Cryptocurrencies have seen smaller gains this year
Since the beginning of 2024, despite a roughly 50% increase in the price of Bitcoin, our Crypto Sector Market Index (CSMI) has actually fallen by about 3% (Exhibit 2). Assets in the five crypto sectors and the total CSMI are weighted by the square root of their market capitalization to reduce Bitcoin’s dominance and better represent a wider range of assets across the sector. On a market capitalization-weighted basis, the CSMI grew 30%, reflecting Bitcoin’s notable growth and its sizable share of total market capitalization (around 60%). Of the five segments, the best performer was in the monetary-attributable space – reflecting Bitcoin’s outperformance – while the worst performer was in the consumer and cultural cryptocurrency space – primarily due to weakness this year in assets associated with video game applications.
Chart 2: Despite Bitcoin’s sharp gains, year-to-date performance has been mixed

The large return difference between Bitcoin and the broader cryptocurrency market suggests that gains this year have been limited—much like the case with the U.S. equity market, where a handful of large tech companies have recently dominated index returns.

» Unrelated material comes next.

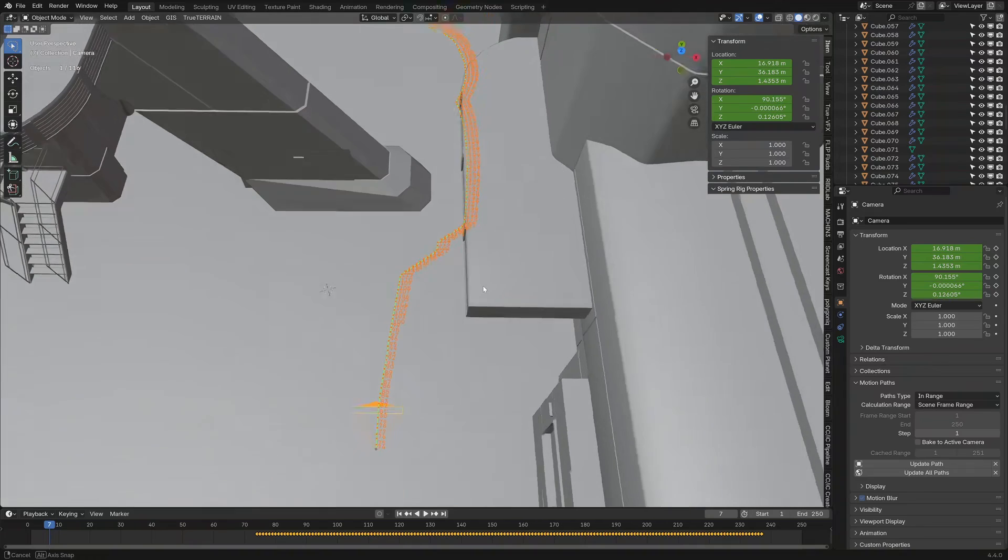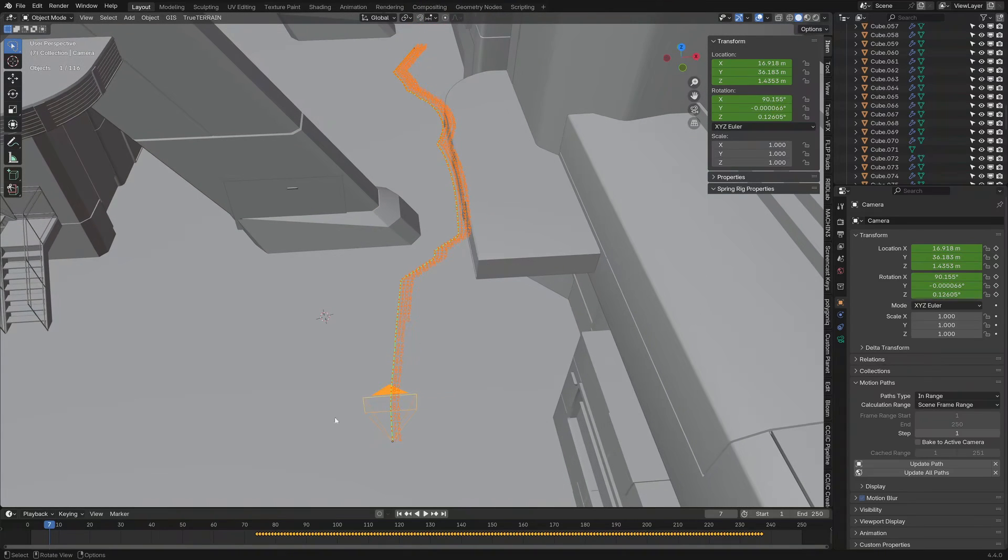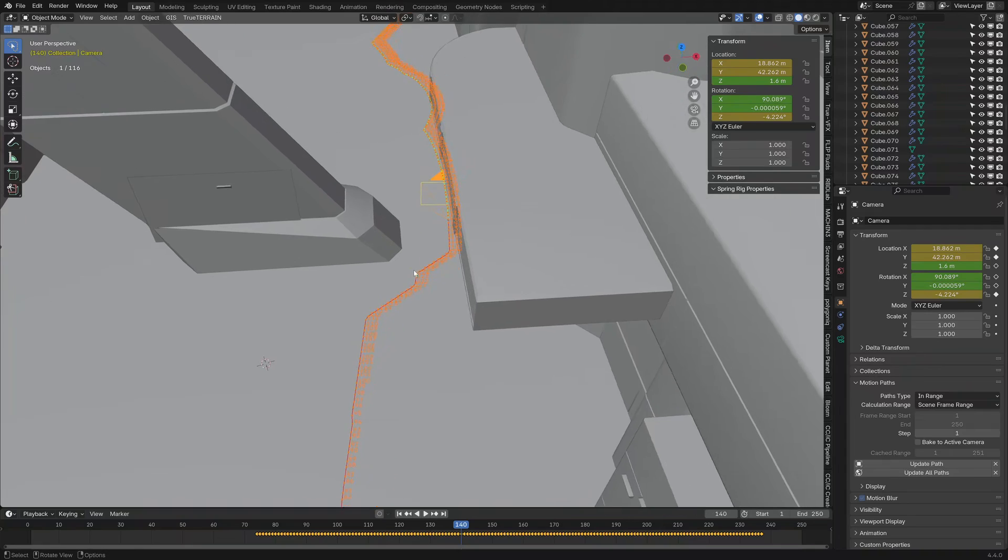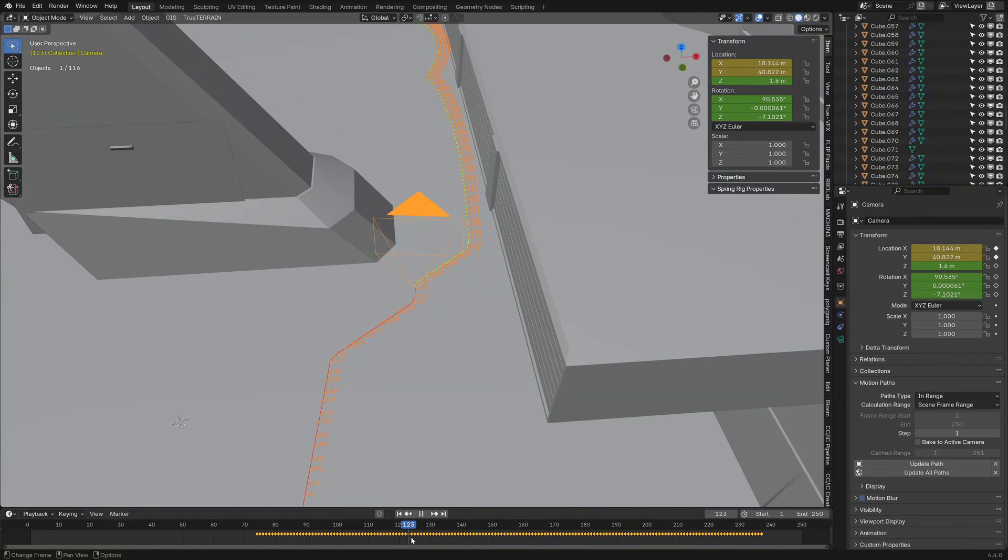Now, we can actually see where the camera is moving as we move along. So, now, I know that, for instance, if I were to come into this keyframe here, and I kind of want to make that a little bit gentle,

Using the crypto sector framework, we can create measures of market breadth, much like those applied to other markets. For example, Chart 3 shows an “up/down” index, where we track the net percentage of crypto sector token prices that have risen versus lost each day. We then calculate the cumulative total over time. By this measure, cryptocurrency market breadth peaked around late March/early April 2024 and has been declining since then. So far this year, despite Bitcoin's huge gains, only about 30% of crypto industry tokens have risen in price.
Chart 3: Market breadth has been declining since March/April

Relatively speaking, a bright spot is some of the assets related to artificial intelligence (AI) technology, which exist in the smart contract platform crypto sector and the utilities and services crypto sector. [2] These protocols attempt to solve AI-related problems (e.g., bots and deepfakes, privacy, model validation), provide resources critical to AI development (e.g., compute, storage, data), or provide a general platform for AI-related services. Year-to-date, a weighted index of a basket of AI-related crypto industry tokens has increased by 80% compared to a slight decline in the overall crypto market (Figure 4).

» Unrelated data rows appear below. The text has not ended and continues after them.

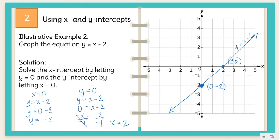And there you have it. Again, the X intercept is the abscissa of the coordinates of the point in which the graph intersects the X axis. The Y intercept is the ordinate of the coordinates of the point in which the graph intersects the Y axis.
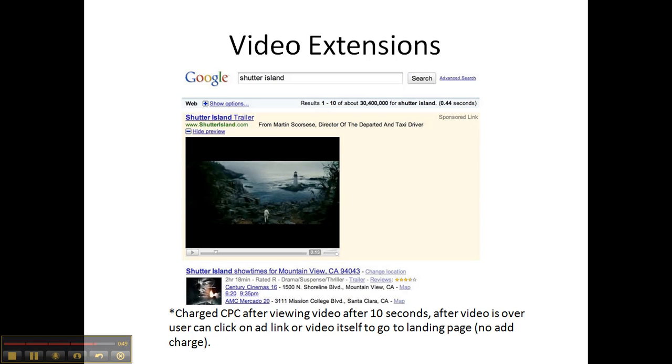And that's it for today. Please stay tuned for more videos and deeper explanations on each of the different ad extensions.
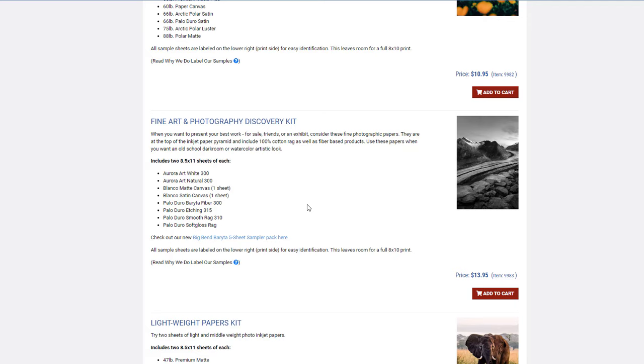These papers will work in those printers, and this kit is mostly cotton-based. Most of them also don't have optical brighteners, so if you want not just archival but museum-grade, the majority of these papers are museum-grade, or if they're not museum, then they're archival grade.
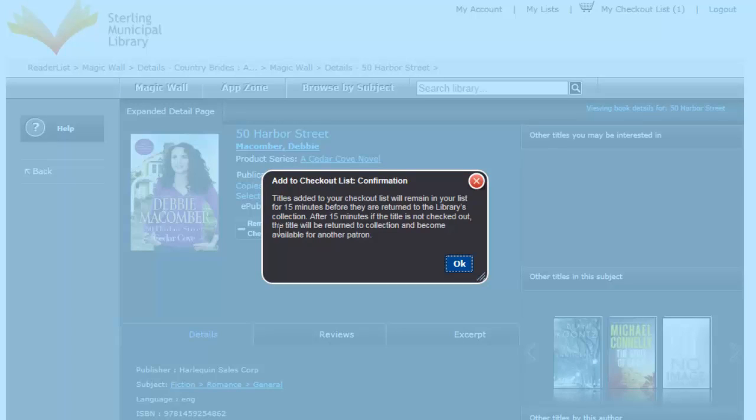If you add something to your checklist, it will be on hold for you for 15 minutes, after which it will then become available to another patron.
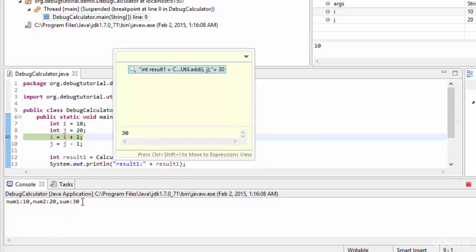That's where the inspect feature becomes very interesting. As you can see in the console, the parameters and the summation are printed because the method actually got executed. So we can inspect any variable or any expression.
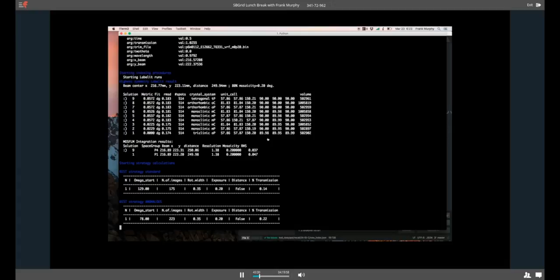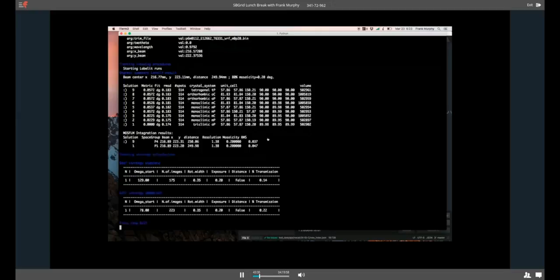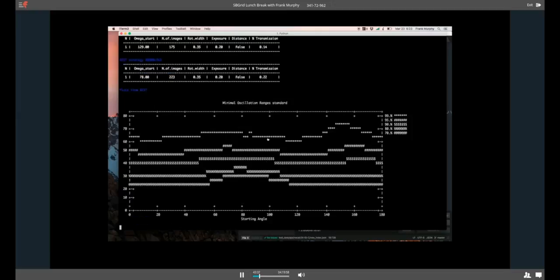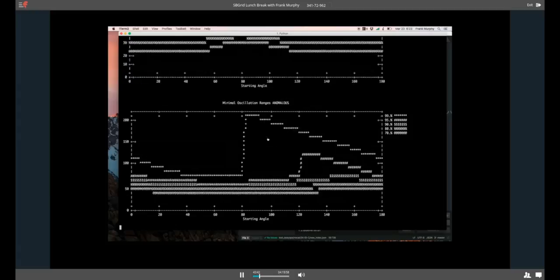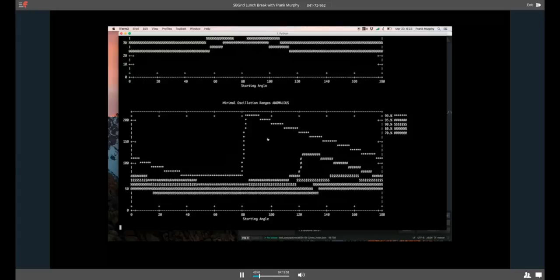And then runs strategy calculations using the program BEST. And if BEST fails, as it does sometimes, it will run a MOSFLM strategy as a backup. So, you should get results. It also does those plots. So, it gives you minimal oscillation ranges. And then, in this case, the anomalous had a little more texture to it. So, it gives you the normal and the anomalous.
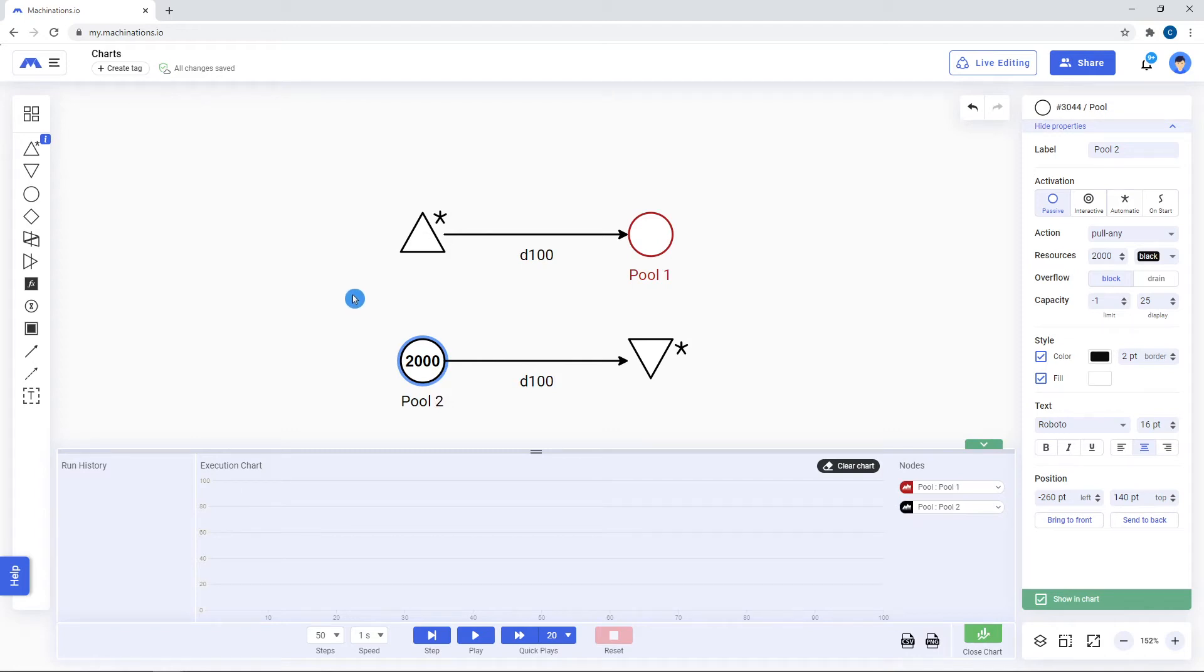Note that only pools and registers can be plotted to the chart. Changing a pool's color also changes the color displayed in the chart for that pool.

Chart 4: AI-related tokens outperformed the market

In addition to AI, market participants are also focusing on a variety of other topics, which to some extent affect the relative performance of the entire crypto industry. To help us understand market trends, Grayscale Research uses the "narrative mindshare" measure from data provider Kaito. These data measure the relative frequency of social media mentions of specific crypto market topics or narratives, which helps evaluate crypto assets driven by communities of believers and supporters who frequently express their views on social media platforms. For example, over the last month, AI has remained the dominant theme, followed by exchange-traded funds (ETFs) — i.e., exchange-traded products (colloquially referred to as “ETFs”) approvals may be a short-term catalyst for tokens — memecoins and blockchain-based games (Exhibit 5). While market focus can change, themes tend to be persistent, so measures of narrative mindshare may provide clues to market performance in the coming months.

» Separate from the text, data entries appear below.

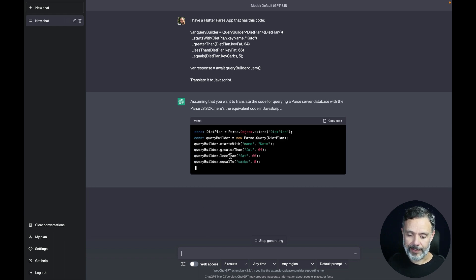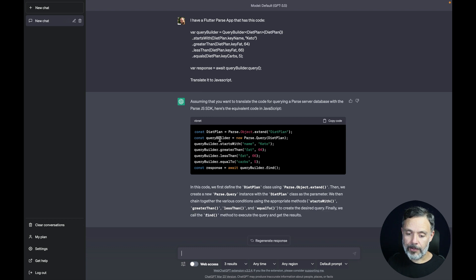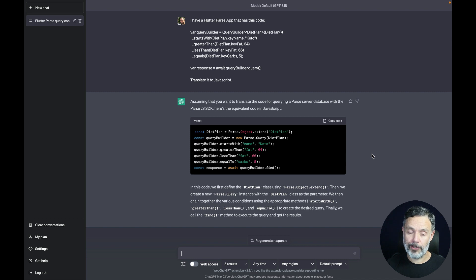And there you go. It created a parse object extending the diet plan class, used an object named query builder where it creates a query on the diet plan object. It starts with 'Kettle' for name, greater than fat 64, less than fat 66, and equal to carbs 5, and created a result array with an await query builder dot find. This code will work in JavaScript and it was translated perfectly, even though there were no comments in the Flutter code.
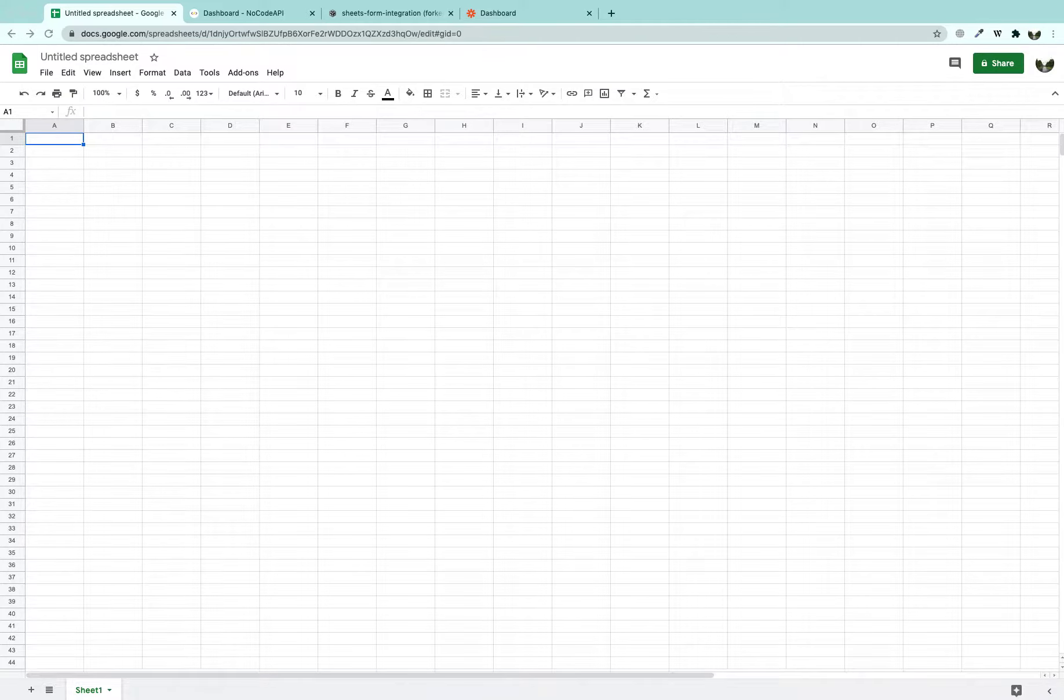Build an app that can help you welcome new subscribers through automated emails. We are going to use NoCode API, Google Sheets and Zapier integration.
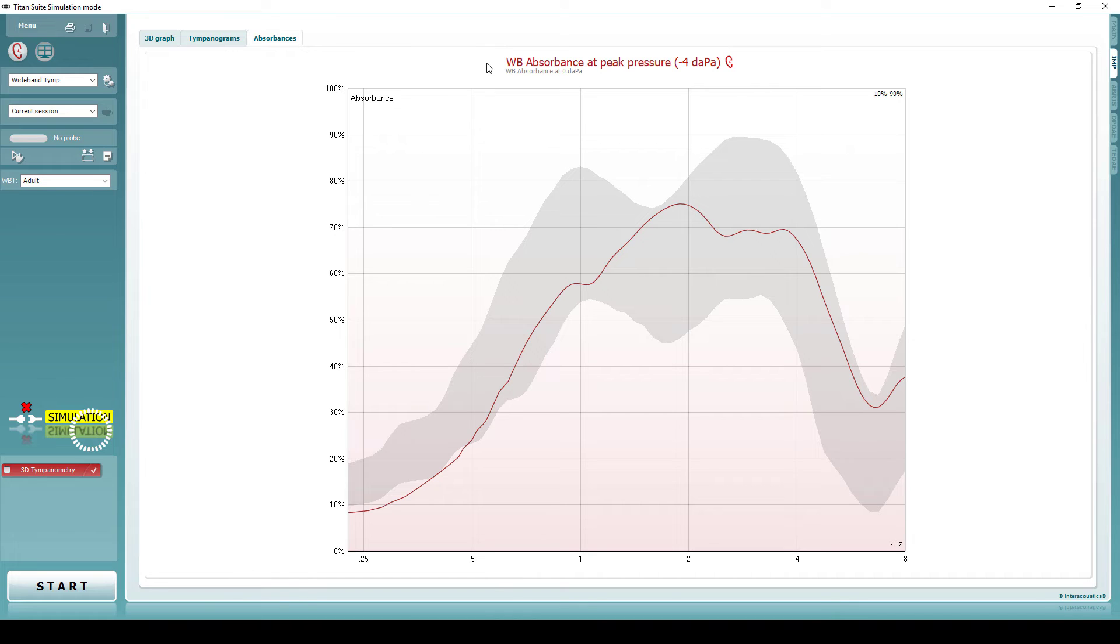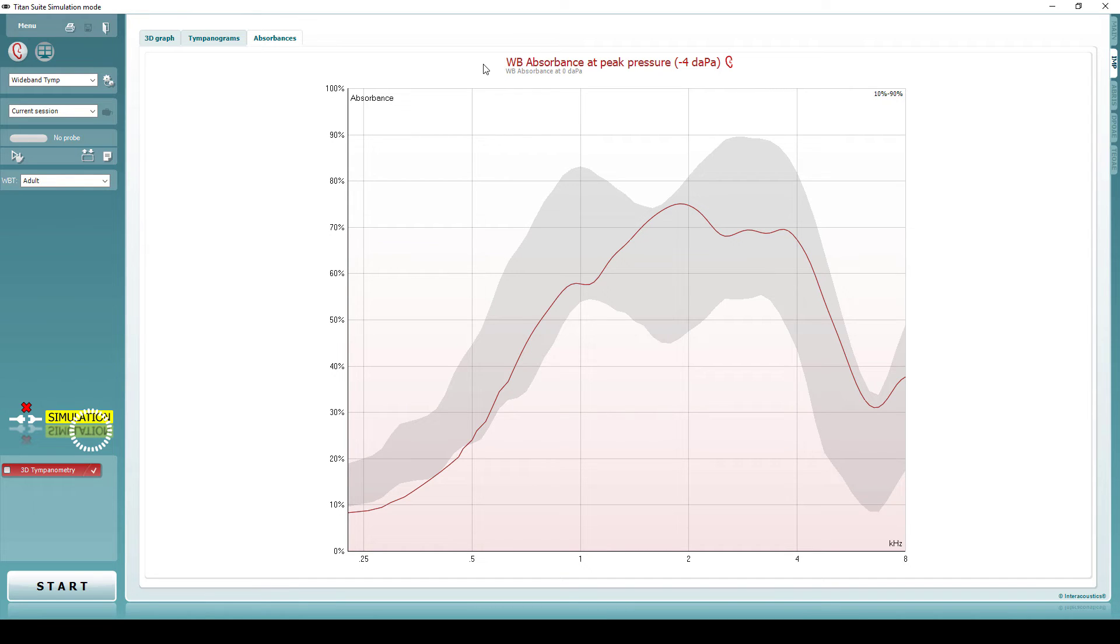The absorbance graph introduces a new measure found in wideband tympanometry. Absorbance is a measure of how much energy is absorbed by the middle ear. Different absorbance patterns can be indicative of different pathologies, and using the absorbance graph can add much more power to your interpretation than the standard type A, B, C classification.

Chart 5: Artificial intelligence remains the dominant theme in the market

Looking ahead: Ethereum takes center stage
Grayscale Research expects that the cryptocurrency market will be impacted by the approval of spot Ethereum exchange-traded products (ETPs) in the U.S. in the next quarter. In late May, the U.S. Securities and Exchange Commission (SEC) approved Form 19b-4 filings submitted by several issuers to list these products in the U.S. Furthermore, SEC Chairman Gensler recently stated that regulators could approve the remaining applications “sometime this summer.” [3] Therefore, while the timing remains uncertain, for the purposes of our market analysis, Grayscale Research assumes that these products will begin trading in the third quarter of 2024. As with the launch of the spot Bitcoin ETP in January 2024, the Grayscale Research team also expects these new Ethereum products to generate meaningful net inflows (albeit less than the Bitcoin ETP), potentially supporting the valuation of Ethereum and its internal tokens.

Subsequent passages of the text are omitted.